Georgetown Law Professor Neal Katyal: 35 Supreme Court Oral Arguments — and Counting

November 30, 2017

Georgetown Law Professor Neal Katyal lectures in a classroom in front of a chalkboard. Professor Neal Katyal, the Paul and Patricia Saunders Professor of National Security Law at Georgetown Law, has now surpassed the late Thurgood Marshall’s record for the most cases argued before the Supreme Court by a minority attorney.

Neal Katyal, the Paul and Patricia Saunders Professor of National Security Law at Georgetown Law, has surpassed the late Thurgood Marshall’s record for the most Supreme Court cases argued by a minority attorney in the history of the United States. Cyan v. Beaver County Employees Retirement Fund, heard on November 28, was Katyal’s 35th argument.

His career as a superstar Supreme Court advocate started with Osama bin Laden’s driver. Hamdan v. Rumsfeld was the first case that Katyal ever argued before the Supreme Court, in 2006. To prepare, he mooted the case 17 times, almost always at Georgetown Law’s Supreme Court Institute. Along the way, he enlisted the help of approximately 70 Georgetown Law students: 10 students per semester, for 70 semesters.
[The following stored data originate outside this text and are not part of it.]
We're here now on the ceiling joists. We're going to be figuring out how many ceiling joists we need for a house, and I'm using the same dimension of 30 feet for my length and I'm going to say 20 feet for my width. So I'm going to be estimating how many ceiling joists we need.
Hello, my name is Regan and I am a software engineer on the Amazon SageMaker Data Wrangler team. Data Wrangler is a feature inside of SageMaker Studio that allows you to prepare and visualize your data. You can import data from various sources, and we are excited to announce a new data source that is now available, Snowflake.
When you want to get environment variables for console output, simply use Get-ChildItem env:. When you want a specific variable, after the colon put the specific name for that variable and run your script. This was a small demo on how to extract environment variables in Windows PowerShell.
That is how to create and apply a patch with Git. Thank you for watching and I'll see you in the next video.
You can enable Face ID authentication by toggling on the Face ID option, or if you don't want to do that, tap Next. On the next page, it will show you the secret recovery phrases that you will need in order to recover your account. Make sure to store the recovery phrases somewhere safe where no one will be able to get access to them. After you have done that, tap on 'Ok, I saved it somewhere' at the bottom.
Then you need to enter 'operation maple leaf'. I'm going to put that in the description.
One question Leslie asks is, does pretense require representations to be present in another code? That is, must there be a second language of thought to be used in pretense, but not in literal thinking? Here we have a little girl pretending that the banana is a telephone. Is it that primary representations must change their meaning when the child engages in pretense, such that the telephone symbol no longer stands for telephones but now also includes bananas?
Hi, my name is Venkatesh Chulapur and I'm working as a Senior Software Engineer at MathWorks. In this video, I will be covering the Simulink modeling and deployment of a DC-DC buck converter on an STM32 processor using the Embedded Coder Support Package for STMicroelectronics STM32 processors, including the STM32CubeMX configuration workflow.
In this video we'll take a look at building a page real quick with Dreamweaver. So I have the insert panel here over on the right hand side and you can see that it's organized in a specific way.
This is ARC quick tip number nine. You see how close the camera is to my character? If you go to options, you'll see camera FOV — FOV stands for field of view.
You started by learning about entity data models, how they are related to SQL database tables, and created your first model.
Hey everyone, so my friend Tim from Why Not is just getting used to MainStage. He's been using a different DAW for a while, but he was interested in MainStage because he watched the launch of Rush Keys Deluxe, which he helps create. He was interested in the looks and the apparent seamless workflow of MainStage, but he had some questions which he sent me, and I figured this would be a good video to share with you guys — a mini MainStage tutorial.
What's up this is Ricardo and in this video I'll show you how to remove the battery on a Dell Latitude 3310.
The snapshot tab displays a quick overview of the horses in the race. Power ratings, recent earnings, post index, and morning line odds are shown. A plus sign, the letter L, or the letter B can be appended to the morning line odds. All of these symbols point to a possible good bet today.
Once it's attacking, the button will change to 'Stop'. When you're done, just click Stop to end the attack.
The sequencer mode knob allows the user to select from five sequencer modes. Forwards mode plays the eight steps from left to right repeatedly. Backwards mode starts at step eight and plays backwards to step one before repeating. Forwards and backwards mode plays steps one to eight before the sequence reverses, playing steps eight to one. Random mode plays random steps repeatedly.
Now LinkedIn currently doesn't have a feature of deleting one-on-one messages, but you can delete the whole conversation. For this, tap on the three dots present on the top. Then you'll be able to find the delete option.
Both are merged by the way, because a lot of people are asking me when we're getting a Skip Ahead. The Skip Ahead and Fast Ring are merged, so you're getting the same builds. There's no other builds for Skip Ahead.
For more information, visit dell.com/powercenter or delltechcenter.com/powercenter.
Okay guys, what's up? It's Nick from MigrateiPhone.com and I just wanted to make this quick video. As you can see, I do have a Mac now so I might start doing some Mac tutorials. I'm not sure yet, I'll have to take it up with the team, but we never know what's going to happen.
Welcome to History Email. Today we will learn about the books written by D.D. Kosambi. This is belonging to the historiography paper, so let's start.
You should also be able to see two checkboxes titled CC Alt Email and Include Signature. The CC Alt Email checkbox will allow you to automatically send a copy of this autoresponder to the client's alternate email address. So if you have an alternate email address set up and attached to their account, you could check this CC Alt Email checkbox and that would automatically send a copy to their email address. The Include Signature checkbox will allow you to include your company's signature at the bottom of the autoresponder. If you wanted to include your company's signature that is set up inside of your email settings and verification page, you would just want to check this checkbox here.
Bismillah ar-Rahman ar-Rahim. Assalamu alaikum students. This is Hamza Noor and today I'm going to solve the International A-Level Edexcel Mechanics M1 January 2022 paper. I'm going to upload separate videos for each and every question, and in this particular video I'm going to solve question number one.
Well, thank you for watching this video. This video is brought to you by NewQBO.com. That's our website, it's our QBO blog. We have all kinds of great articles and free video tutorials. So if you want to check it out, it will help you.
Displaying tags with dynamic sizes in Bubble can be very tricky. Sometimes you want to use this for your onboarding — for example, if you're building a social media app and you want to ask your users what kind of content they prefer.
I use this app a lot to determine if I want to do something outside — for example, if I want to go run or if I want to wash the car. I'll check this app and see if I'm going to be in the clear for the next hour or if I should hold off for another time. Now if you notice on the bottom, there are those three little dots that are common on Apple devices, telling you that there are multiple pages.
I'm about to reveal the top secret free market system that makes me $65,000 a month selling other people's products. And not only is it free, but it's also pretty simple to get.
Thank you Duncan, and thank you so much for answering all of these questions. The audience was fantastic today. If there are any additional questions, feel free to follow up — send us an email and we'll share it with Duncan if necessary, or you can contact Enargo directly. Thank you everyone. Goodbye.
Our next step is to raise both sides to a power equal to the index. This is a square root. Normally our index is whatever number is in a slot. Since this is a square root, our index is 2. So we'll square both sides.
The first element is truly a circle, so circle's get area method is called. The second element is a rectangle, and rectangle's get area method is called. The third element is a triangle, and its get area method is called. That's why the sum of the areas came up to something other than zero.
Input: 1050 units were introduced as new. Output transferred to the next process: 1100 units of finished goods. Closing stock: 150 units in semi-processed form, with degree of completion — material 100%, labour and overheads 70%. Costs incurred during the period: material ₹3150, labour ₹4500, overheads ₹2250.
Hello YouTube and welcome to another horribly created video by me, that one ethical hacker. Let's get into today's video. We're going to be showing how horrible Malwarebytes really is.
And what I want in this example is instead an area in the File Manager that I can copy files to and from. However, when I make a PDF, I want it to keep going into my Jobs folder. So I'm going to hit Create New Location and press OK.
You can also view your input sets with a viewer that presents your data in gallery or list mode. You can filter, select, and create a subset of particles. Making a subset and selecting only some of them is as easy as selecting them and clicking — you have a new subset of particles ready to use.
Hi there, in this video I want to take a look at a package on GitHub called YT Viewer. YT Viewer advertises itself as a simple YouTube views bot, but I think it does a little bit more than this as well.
And he won his case — successfully challenging the George W. Bush-era military commissions set up to try detainees in Guantanamo Bay.

“I still remember Hamdan so well,” Katyal said after arguing Cyan. “The Georgetown faculty were incredible, as were the students. My students loved beating up on me in the moots, and that experience taught me about how one must enter the mooting process with no ego, and with an absolute desire to improve. After Hamdan, I argued one other Supreme Court case with my Georgetown students in 2008 before going into the Solicitor General’s Office, and mooted that one a dozen times too.”

Katyal served in the Office of the Solicitor General from 2009 to 2011, as principal deputy solicitor general and acting solicitor general of the United States. He’s now a partner at Hogan Lovells, and his six oral arguments last term in seven different cases constituted more than 9 percent of the Court’s docket, Adam Feldman reported on “Analytical SCOTUS” in May.

But Katyal’s parents, who were immigrants from India, actually cried when he told them he was going to law school, he says.

“The law isn’t the most respected profession in the Indian community, and they thought I was throwing my life away,” he recalls. “But they were always supportive of whatever I did, and to this day, I call my mom before every single oral argument.”

His late father, especially, would have been pleased to see him today. “He always saw this country as a place where barriers were meant to be shattered,” Katyal says. “His examples of fairness and strength are crucial. My sister, who is a law professor at Berkeley, has a deep sense of justice that inspires a lot of my work as well.”

Expertise

Georgetown Law students continue to benefit from Katyal’s expertise. He’s now the faculty director of the new Institute for Constitutional Advocacy and Protection (ICAP), headed by Executive Director Joshua Geltzer and Senior Litigator from Practice Mary B. McCord.

Hamdan…was made possible by the huge amount of student energy and work,” he says. “I’ve tried over the years to keep that spirit going, both in my teaching and my work with our Center on National Security and the Law. ICAP will continue that work, and it’s my privilege to watch it take off.”

McCord and Geltzer, he says, are among the most accomplished lawyers in their respective generations. “To have our students learn from people like that is phenomenal.”

As for Katyal, he proceeds to oral argument in the Ninth Circuit in Hawaii’s ongoing challenge to the latest version of President Trump’s travel ban. He’ll argue his 36th case, Hall v. Hall, before the Supreme Court in January. But he no longer needs to do 17 moots.

“In the government…attorneys don’t have time to constantly moot you, and so I could only do two moots,” he said, noting that in a few big cases, like the Voting Rights Act case, he still did more. “I love the process of getting knowledge and perspective from a bunch of people.”

It’s not at all difficult to imagine that Katyal, like Marshall, might one day find a place on the Supreme Court. But right now, he’s enjoying the moment.